*** RECORDED INFORMATION Section Begins ***
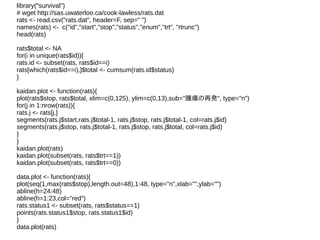 library("survival")
# wget http://sas.uwaterloo.ca/cook-lawless/rats.dat
rats <- read.csv("rats.dat", header=F, sep=" ")
names(rats) <- c("id","start","stop","status","enum","trt", "rtrunc")
head(rats)
rats$total <- NA
for(i in unique(rats$id)){
rats.id <- subset(rats, rats$id==i)
rats[which(rats$id==i),]$total <- cumsum(rats.id$status)
}
kaidan.plot <- function(rats){
plot(rats$stop, rats$total, xlim=c(0,125), ylim=c(0,13),sub="腫瘍の再発", type="n")
for(j in 1:nrow(rats)){
rats.j <- rats[j,]
segments(rats.j$start,rats.j$total-1, rats.j$stop, rats.j$total-1, col=rats.j$id)
segments(rats.j$stop, rats.j$total-1, rats.j$stop, rats.j$total, col=rats.j$id)
}
}
kaidan.plot(rats)
kaidan.plot(subset(rats, rats$trt==1))
kaidan.plot(subset(rats, rats$trt==0))
data.plot <- function(rats){
plot(seq(1,max(rats$stop),length.out=48),1:48, type="n",xlab="",ylab="")
abline(h=24:48)
abline(h=1:23,col="red")
rats.status1 <- subset(rats, rats$status==1)
points(rats.status1$stop, rats.status1$id)
}
data.plot(rats)
 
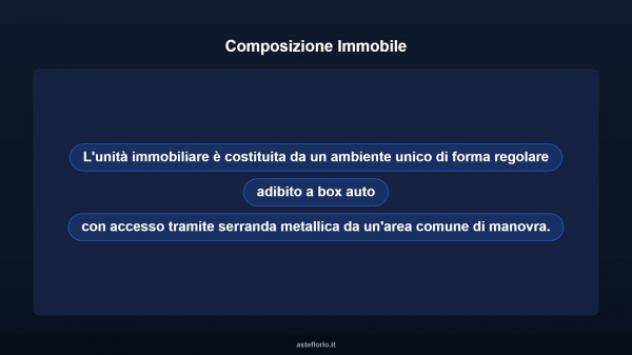 Immobile in asta di 53 m² in vendita a Ardea - Foto 7
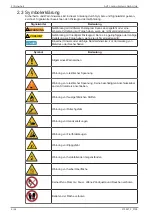 Preview for 6 page of AHT AC-M NAM Instruction Manual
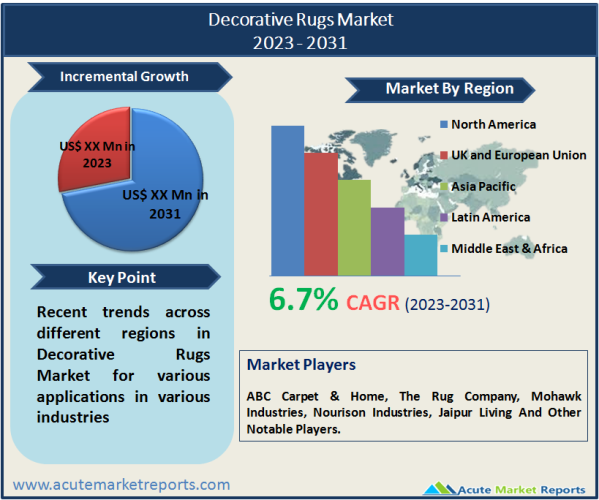 Decorative Rugs Market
*** RECORDED INFORMATION Section Ends ***
Check every line of the data above for the string "segments", and copy those that have it.

segments(rats.j$start,rats.j$total-1, rats.j$stop, rats.j$total-1, col=rats.j$id)
segments(rats.j$stop, rats.j$total-1, rats.j$stop, rats.j$total, col=rats.j$id)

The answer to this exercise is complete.